- January 23, 2026
- Posted by: Eko Adjis
- Category: Berita
Palembang – Balai Karantina Hewan, Ikan, dan Tumbuhan Sumatera Selatan (Karantina Sumsel) melalui Satuan Pelayanan Bandara Internasional Sultan Mahmud Badaruddin (SMB) II Palembang, melakukan pemeriksaan dan sertifikasi terhadap 95.400 butir benih kelapa sawit yang siap diekspor ke Peru.
Langkah ini merupakan bagian dari komitmen Karantina Sumsel dalam menjamin kualitas komoditas pertanian lokal agar mampu bersaing dan memenuhi standar ketat di pasar internasional.
Penjaminan Mutu dan Bebas Marasmius sp.
Fokus utama dari pemeriksaan ini adalah memastikan benih kelapa sawit tersebut memenuhi persyaratan teknis negara tujuan. Secara khusus, otoritas Karantina Peru mensyaratkan benih harus bebas dari Organisme Pengganggu Tumbuhan Karantina (OPTK), terutama jamur Marasmius sp.
Kepala Karantina Sumatera Selatan, Sri Endah Ekandari, menegaskan bahwa kepatuhan terhadap protokol kesehatan tumbuhan adalah kunci utama keberhasilan ekspor.
“Karantina Sumsel memastikan setiap komoditas ekspor, termasuk benih kelapa sawit, memenuhi persyaratan kesehatan tumbuhan negara tujuan untuk menjaga kepercayaan pasar internasional,” ujar Sri Endah dalam keterangan resminya, Jumat (23/1/2026).
Detail Proses Pemeriksaan
Pemeriksaan dilakukan secara intensif oleh Analis Perkarantinaan Tumbuhan Ahli Muda, Anggie Kharisma Midhariani, dengan mencakup tiga tahapan utama:
Verifikasi Dokumen: Memastikan legalitas dan kelengkapan administrasi.
Pemeriksaan Fisik: Melihat kondisi visual benih secara langsung.
Pengujian Laboratorium: Menguji kesehatan benih sesuai standar karantina untuk mendeteksi keberadaan OPTK.
Berdasarkan hasil rangkaian pemeriksaan tersebut, seluruh benih dinyatakan sehat dan bebas dari Marasmius sp., sehingga layak untuk diterbangkan ke Peru.
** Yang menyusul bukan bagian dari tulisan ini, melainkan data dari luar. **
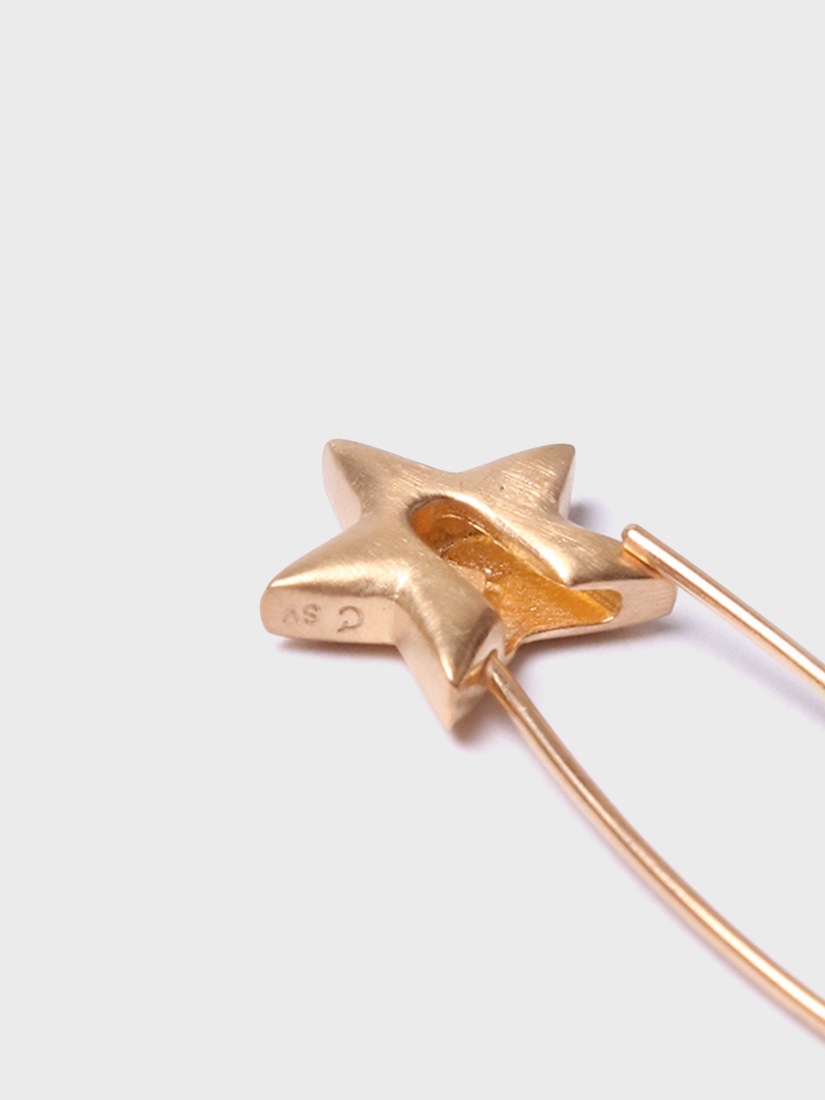 chigo》Punk Pin Star Earring（片耳用）（ピアス）｜H.P.FRANCE公式サイト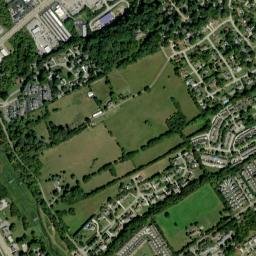 Suburban Hills Tennessee High Resolution Satellite Map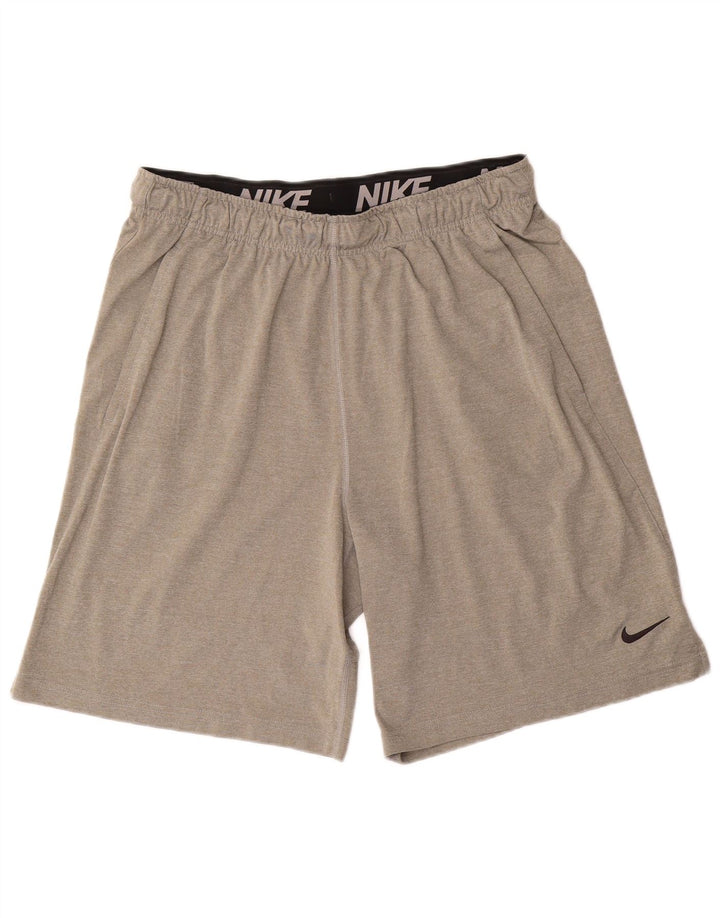 Мужские спортивные шорты Nike Dri Fit XL, серые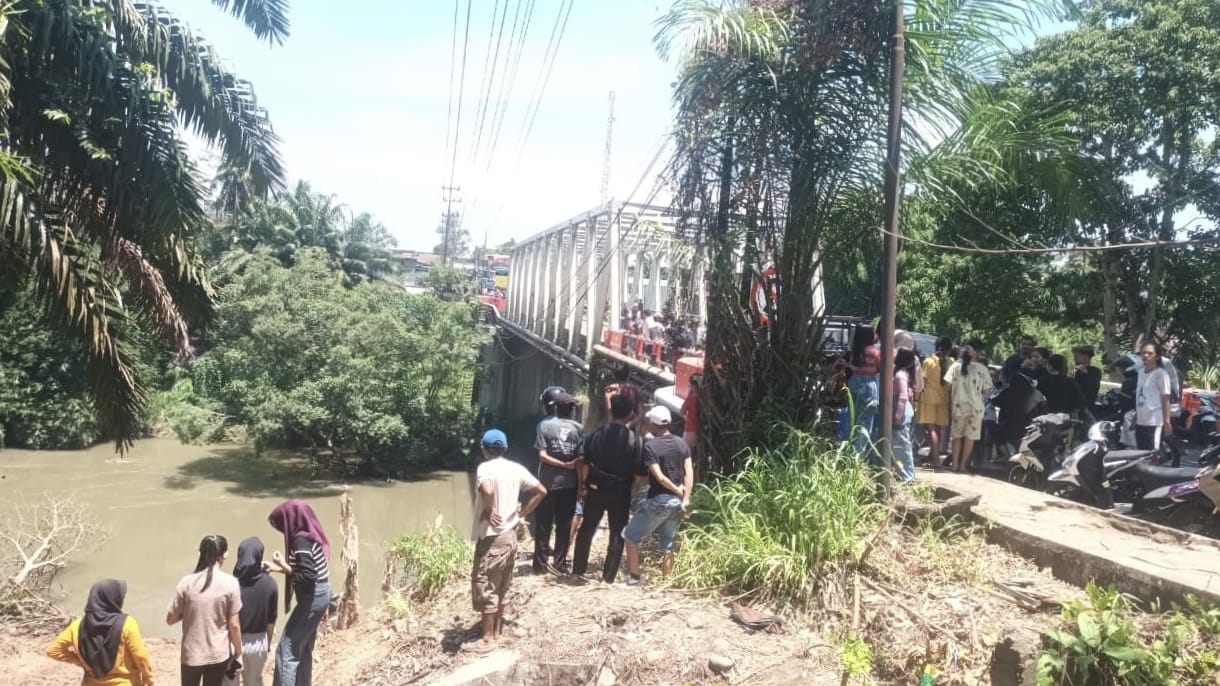Pencarian Pelajar Jatuh dari Jembatan Muara Beliti Dilanjutkan, Semoga Membuahkan Hasil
Ekspor kali ini juga didukung oleh sistem birokrasi yang modern. Selain telah mengantongi izin impor (import permit) dari Peru, seluruh proses layanan menggunakan mekanisme Single Submission Quarantine Customs (SSmQC).
Sistem yang terintegrasi ini dirancang untuk:
Mempermudah proses pengajuan bagi pelaku usaha.
Mempercepat waktu pelayanan di bandara.
Meningkatkan transparansi seluruh proses karantina dan kepabeanan.
Komitmen Mendukung Ekspor NasionalKarantina Sumsel terus berkomitmen melindungi sumber daya alam hayati sekaligus mendorong percepatan ekspor. Sinergi antara profesionalisme petugas karantina dan kepatuhan pelaku usaha diharapkan dapat terus meningkatkan daya saing komoditas unggulan Sumatera Selatan di kancah global.